Citigroup Agrees to $97.4 Million Settlement in Money Laundering Inquiry


For years, Citigroup employees feared that millions of dollars the bank was moving to Mexico might be suspicious. Yet in many cases, the bank did not alert regulators or step up its monitoring for money laundering, federal prosecutors said Monday.

Even as the Citigroup unit Banamex USA was growing to dominate remittances from the United States to Mexico, the bank did not properly safeguard its systems from being infiltrated by drug money and other illicit funds, prosecutors said.

On Monday, Citigroup agreed to pay $97.4 million in a settlement after a long federal investigation into Banamex USA. In exchange, the Justice Department will not file criminal charges against the bank in connection with inadequate oversight of Banamex USA, which is based in California.

As part of the agreement, Banamex USA "admitted to criminal violations by willfully failing to maintain an effective anti-money-laundering" compliance program, the Justice Department said.

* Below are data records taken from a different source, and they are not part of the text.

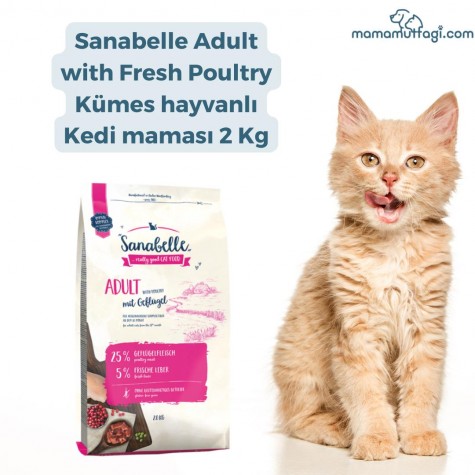 Sanabelle Adult with Fresh Poultry Kümes hayvanlı Kedi maması 2 Kg-İstanbul İçi Özel Sevkiyat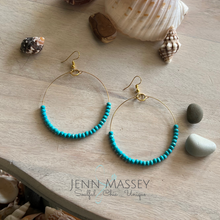 Load image into Gallery viewer, Faceted Turquoise Hoops
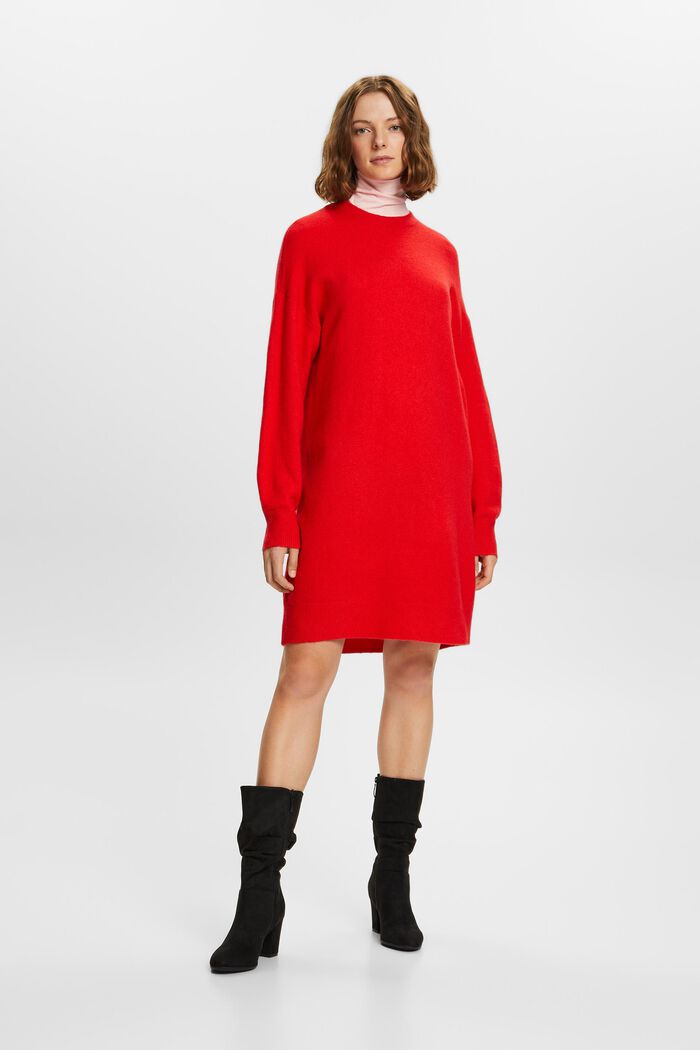 Dzianinowa sukienka mini, RED, detail image number 0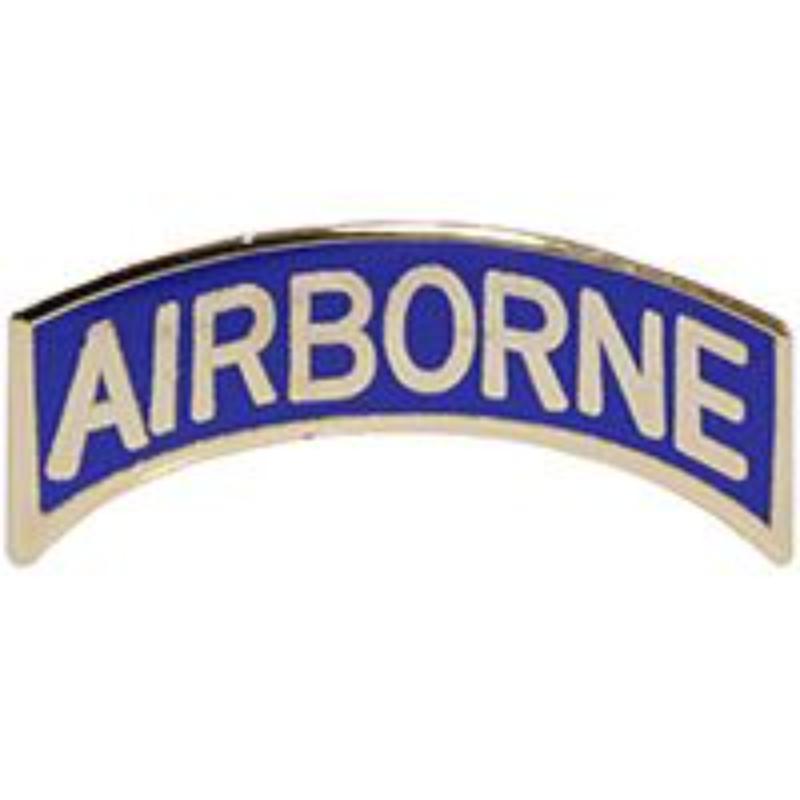 P14885 Pin - Military, Airborne, Tab - Gold & Blue - 1.125 in.
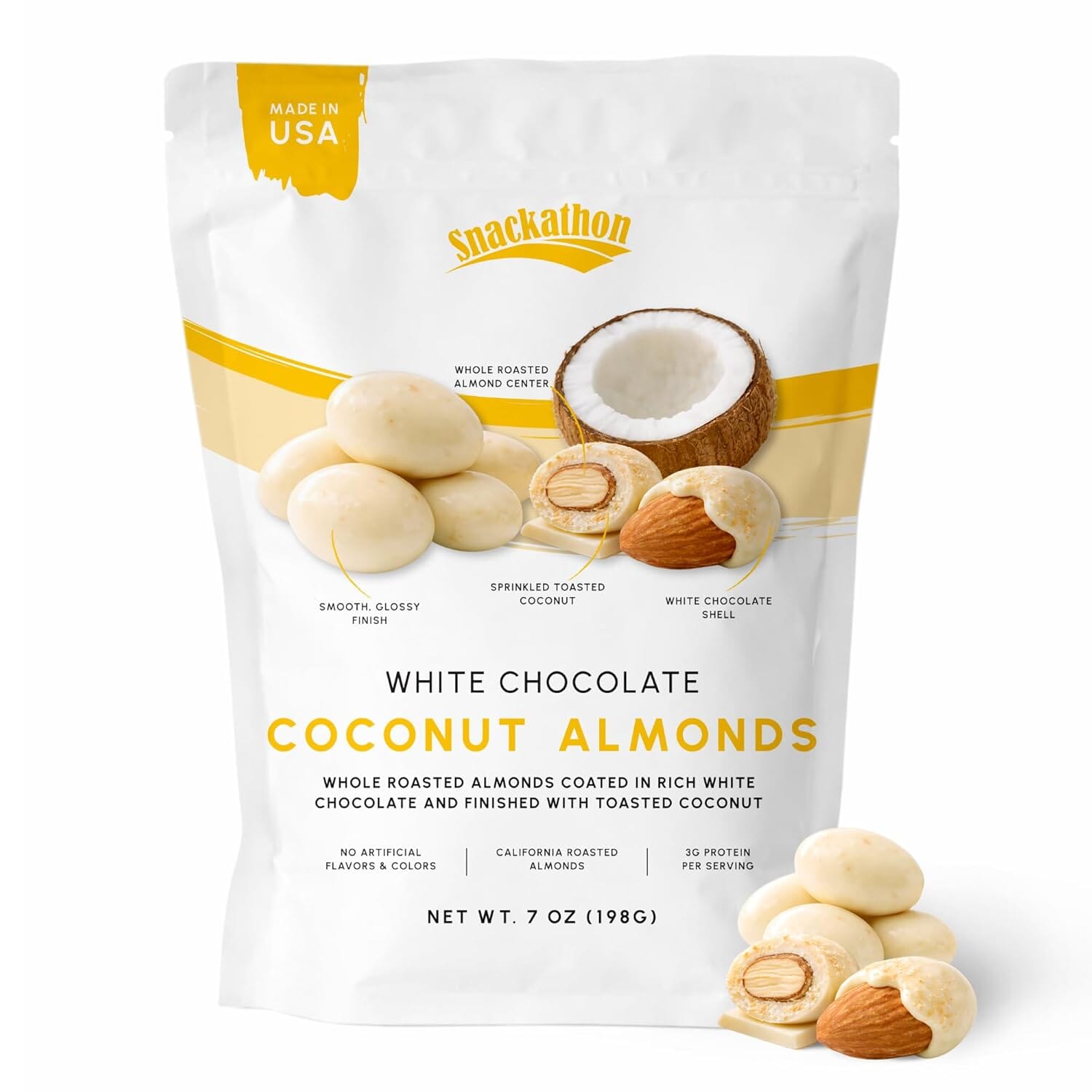 Snackathon Coconut White Chocolate Covered Almonds - Made in USA Snackathon 
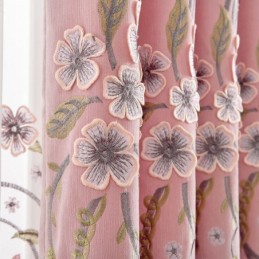 Chenille Gardin Skræddersyet Gardin Moderne Blomsterbroderi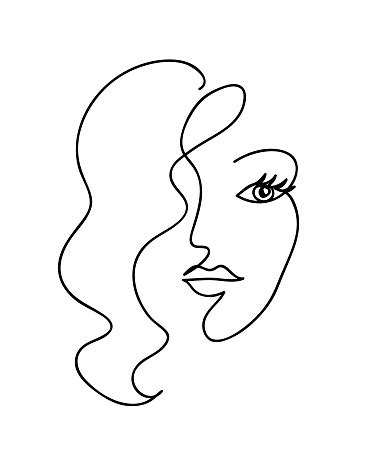 Abstract Woman Face With Wavy Hair Black And White Hand Drawn Line Art Outline Vector ...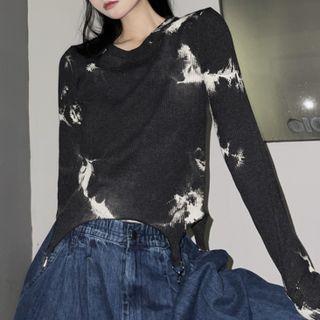 Long-sleeve Tie-dye Top Black - One Size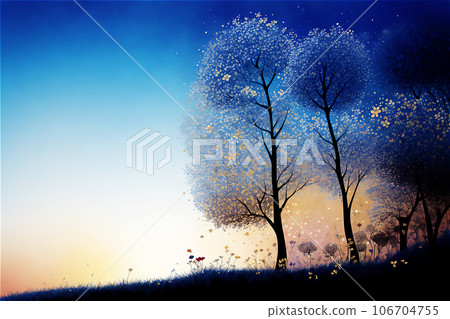 Beautiful blue sky and large tree AI image 106704755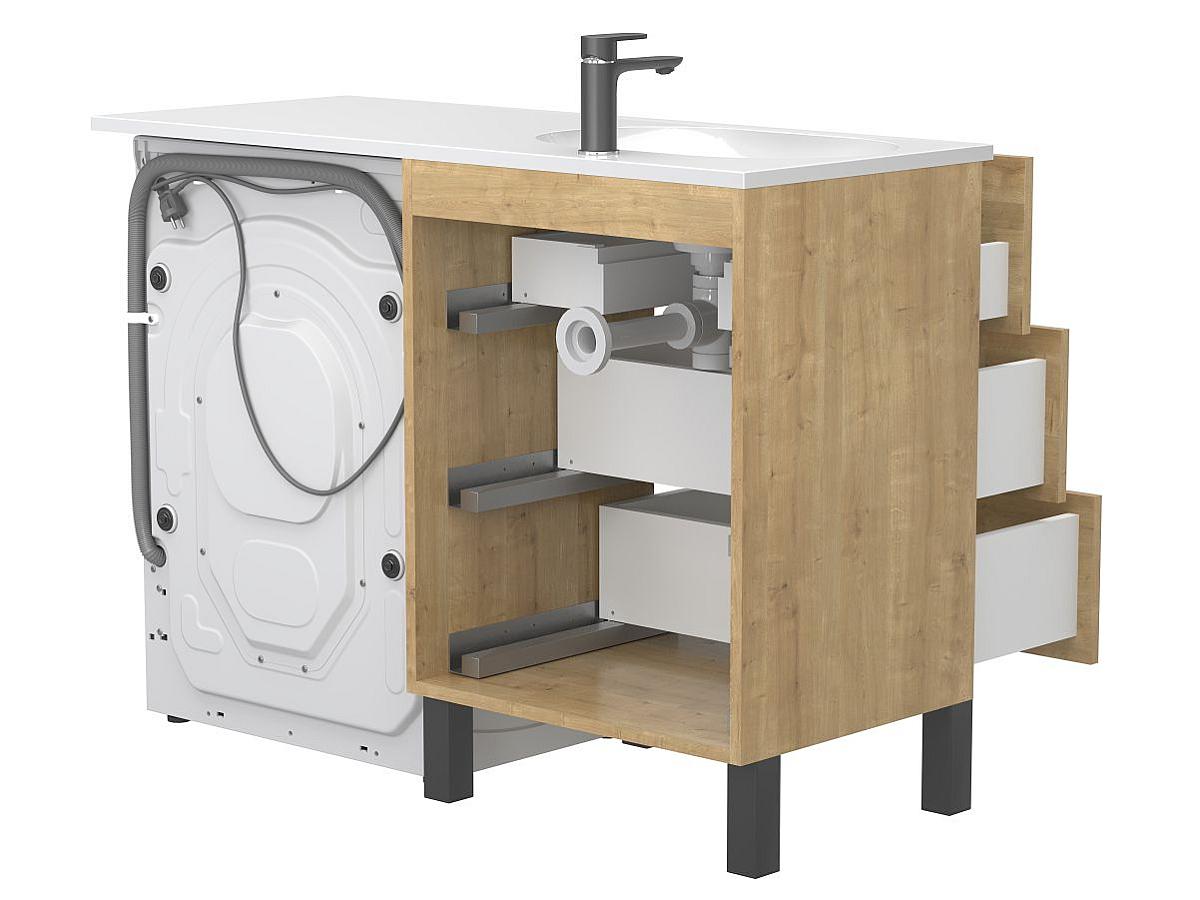 Тумба напольная TESSA Дуб Гамильтон с умывальником NEW YORK 1200 L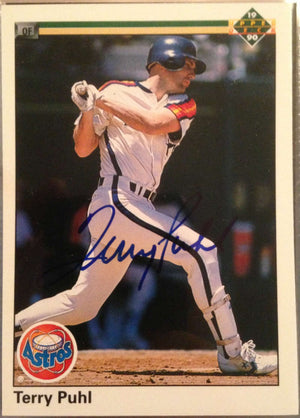 Terry Puhl Signed 1990 Upper Deck Baseball Card - Houston Astros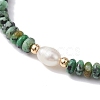 Natural African Jade Rondelle & Pearl Beaded Stretch Bracelets BJEW-JB09918-03-3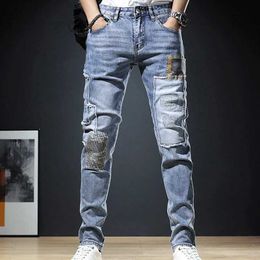 Jeans maschi primaverilo maschile pantaloni patch elastici casual di alta qualità slim fit hip hop hip hop street abbigliamento pantaloni autunnali q240427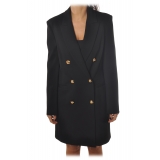 Pinko - Double-Breasted Robe Manteau Fernet2 - Black - Jacket - Made in Italy - Luxury Exclusive Collection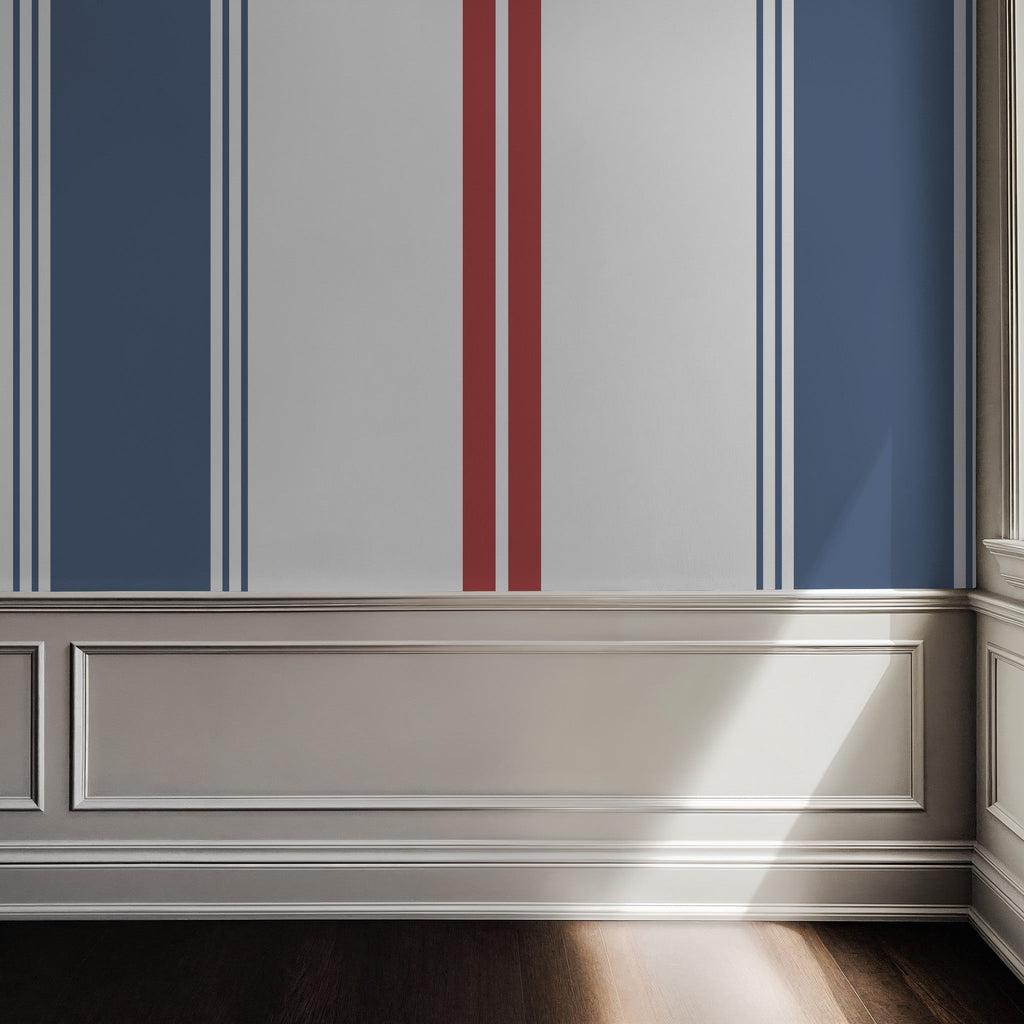 Fletcher Stripe (Blue and Red) Wallpaper WALL BLUSH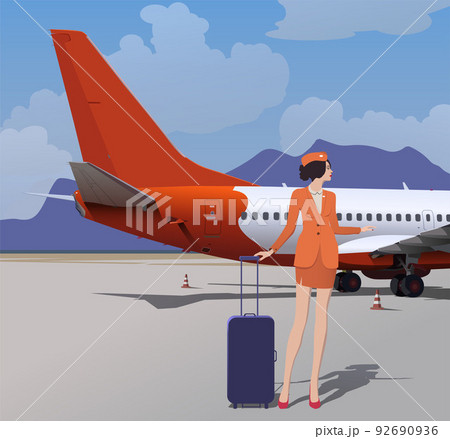 Stewardess with a bag near the plane at the airport. Vector. 92690936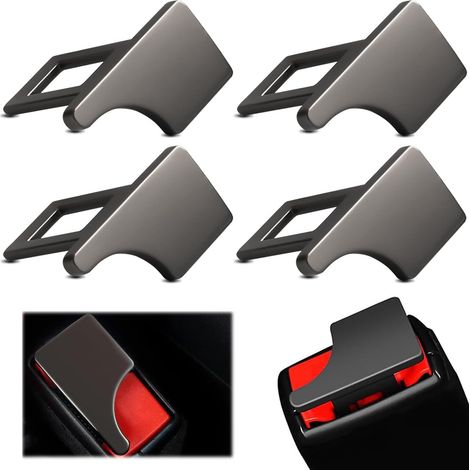 Anschnaller Adapter Auto, 4 Stücke Sicherheitsgurt Schnalle Clip, Gurtalarm Stopper, Sicherheitsgurte Geeignet für die Meisten PKW und LKW (Grau) (1/5)
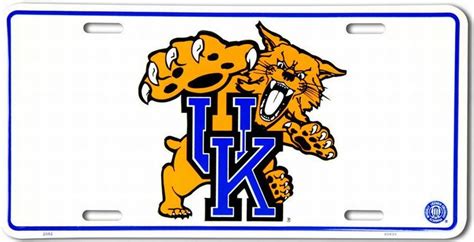 Wholesale License Plate University Of Kentucky Wildcats White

The deal represents the first such agreement between a major bank and the Justice Department under Attorney General Jeff Sessions.

It also resolves some of Citigroup's most serious regulatory issues related to its profitable, but risky, business in Mexico.

From 2007 to 2012, Banamex USA generated about 18,000 internal alerts of suspicious transactions among the 30 million Mexico remittances it processed, prosecutors said.

Yet the bank conducted fewer than 10 investigations and filed only six suspicious activity reports with regulators.

Among the red flags that Banamex USA did not heed was $1.3 billion in remittances that each totaled more than $1,500 – five times the amount that families typically send.

Most families receive remittances from one or two predictable sources. But one account holder in Mexico received 1,400 remittances from 950 senders in 40 states. Despite several automatic alerts about these transactions, Banamex USA did not file a suspicious activity report with regulators.

One of the biggest problems was staffing. The bank had only two people assigned to review the thousands of suspicious transactions manually. Even as the bank grew and employees raised questions about the problematic transactions, Banamex USA did not invest in more oversight, the prosecutors said.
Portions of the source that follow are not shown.